Shirley Abrahamson, the current chief justice of the Wisconsin Supreme Court, filed this suit to challenge the implementation of an amendment to the Wisconsin Constitution, approved by voters just two days ago, on April 7, 2015. Under the amendment, the chief justice will be elected by the members of the court to serve a two-year term. Formerly, the chief justice had been determined by seniority. Justice Abrahamson is the longest-serving justice on the Wisconsin Supreme Court, and by virtue of her seniority, she has been chief justice since 1996. Justice Abrahamson does not challenge the validity of the amendment, but she seeks a declaration from this court that it must be applied only prospectively, by which she means after her current term expires in 2019. She contends that under well-established principles of legal construction, the amendment cannot be implemented retroactively, by which she means before the expiration of her current term.

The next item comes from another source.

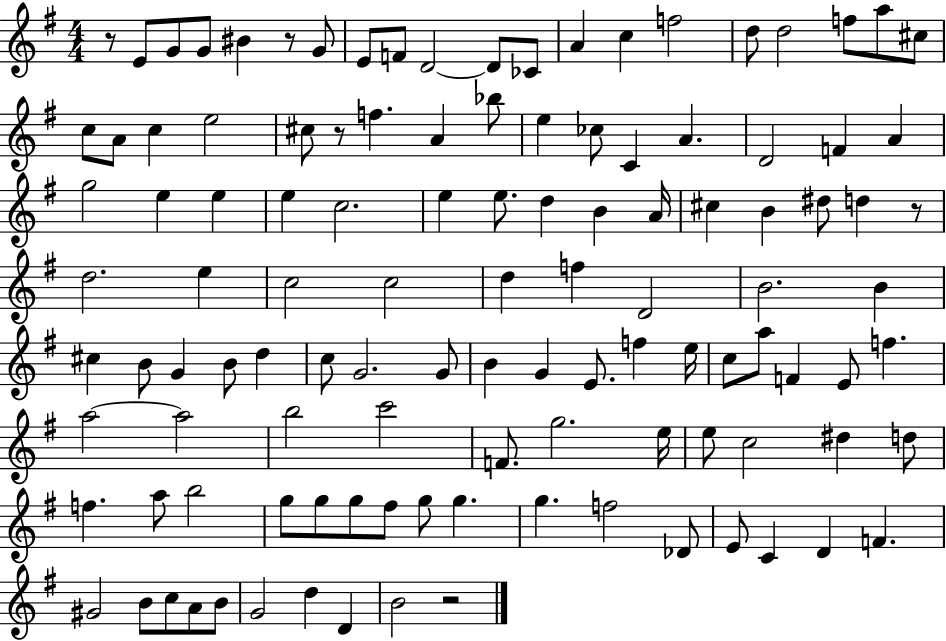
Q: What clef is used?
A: treble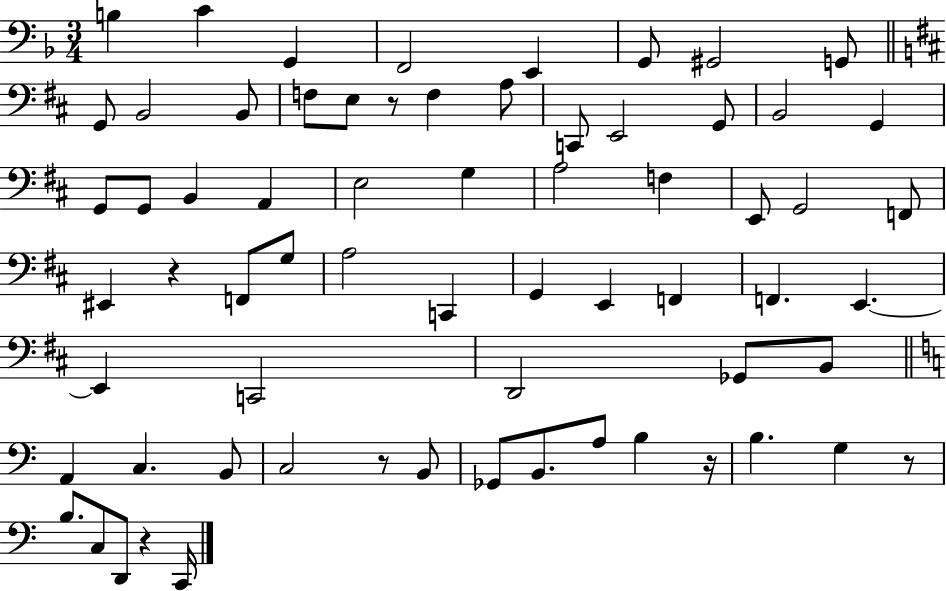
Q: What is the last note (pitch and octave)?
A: C2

Justice Abrahamson brings this case in federal court because she contends that a retroactive implementation would deprive her, and the other plaintiffs (voters who supported her reelection), of rights protected under the United States Constitution. Thus, plaintiffs have filed a complaint under 42 U.S.C. § 1983, which provides a means of asserting federal legal rights against state officers. Plaintiffs have also filed a motion for preliminary injunction and a temporary restraining order to prevent defendants from electing a new chief justice before this case is resolved on the merits.

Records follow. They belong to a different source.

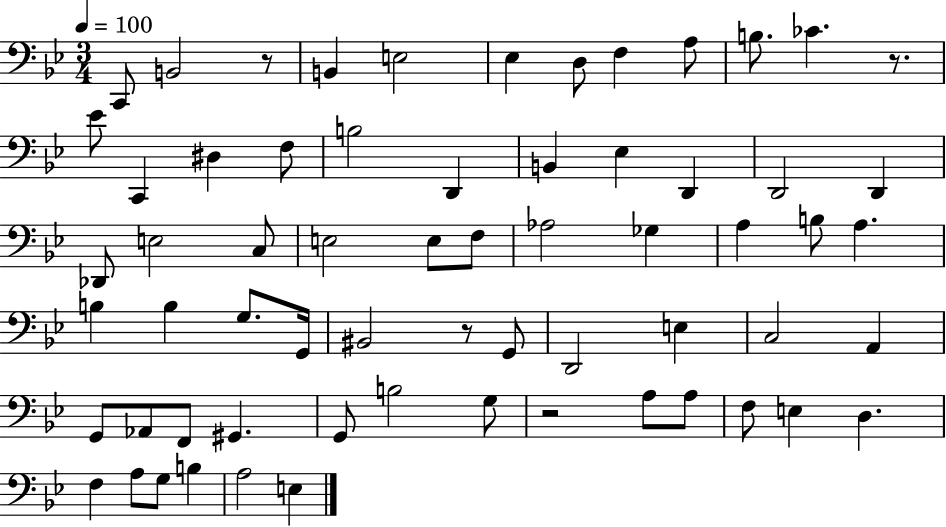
C2/e B2/h R/e B2/q E3/h Eb3/q D3/e F3/q A3/e B3/e. CES4/q. R/e. Eb4/e C2/q D#3/q F3/e B3/h D2/q B2/q Eb3/q D2/q D2/h D2/q Db2/e E3/h C3/e E3/h E3/e F3/e Ab3/h Gb3/q A3/q B3/e A3/q. B3/q B3/q G3/e. G2/s BIS2/h R/e G2/e D2/h E3/q C3/h A2/q G2/e Ab2/e F2/e G#2/q. G2/e B3/h G3/e R/h A3/e A3/e F3/e E3/q D3/q. F3/q A3/e G3/e B3/q A3/h E3/q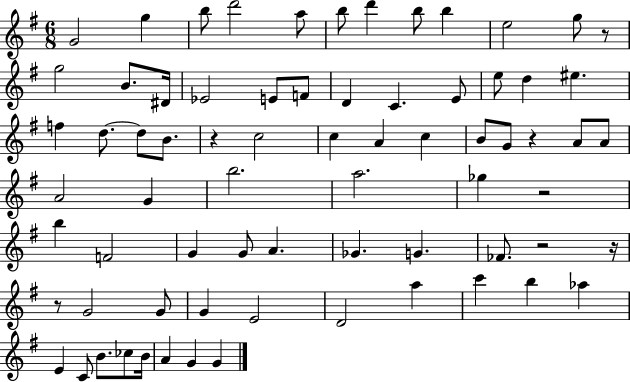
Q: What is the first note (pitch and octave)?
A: G4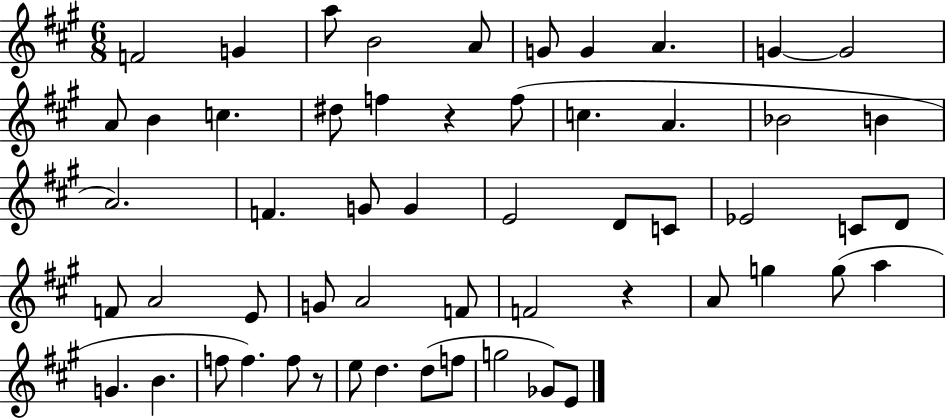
X:1
T:Untitled
M:6/8
L:1/4
K:A
F2 G a/2 B2 A/2 G/2 G A G G2 A/2 B c ^d/2 f z f/2 c A _B2 B A2 F G/2 G E2 D/2 C/2 _E2 C/2 D/2 F/2 A2 E/2 G/2 A2 F/2 F2 z A/2 g g/2 a G B f/2 f f/2 z/2 e/2 d d/2 f/2 g2 _G/2 E/2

I have made no determination of the merits of plaintiffs' case. But I will deny the motion for an ex parte temporary restraining order because plaintiffs have not shown that I should take the extraordinary step of issuing an injunction without hearing from defendants. Under Federal Rule of Civil Procedure 65(b)(1)(A), a temporary restraining order is appropriate only if "specific facts in an affidavit or a verified complaint clearly show that immediate and irreparable injury, loss, or damage will result to the movant before the adverse party can be heard in opposition." The movant's attorney must also "certif[y] in writing any efforts made to give notice and the reasons why it should not be required." Fed. R. Civ. P. 65(b)(1)(B). Plaintiffs have not provided this certification. These are not mere technicalities. Indeed, "our entire jurisprudence runs counter to the notion of court action taken before reasonable notice and an opportunity to be heard has been granted [to] both sides of a dispute." Granny Goose Foods, Inc. v. Bhd. of Teamsters & Auto Truck Drivers Local No. 70 of Alameda Cnty., 415 U.S. 423, 439 (1974).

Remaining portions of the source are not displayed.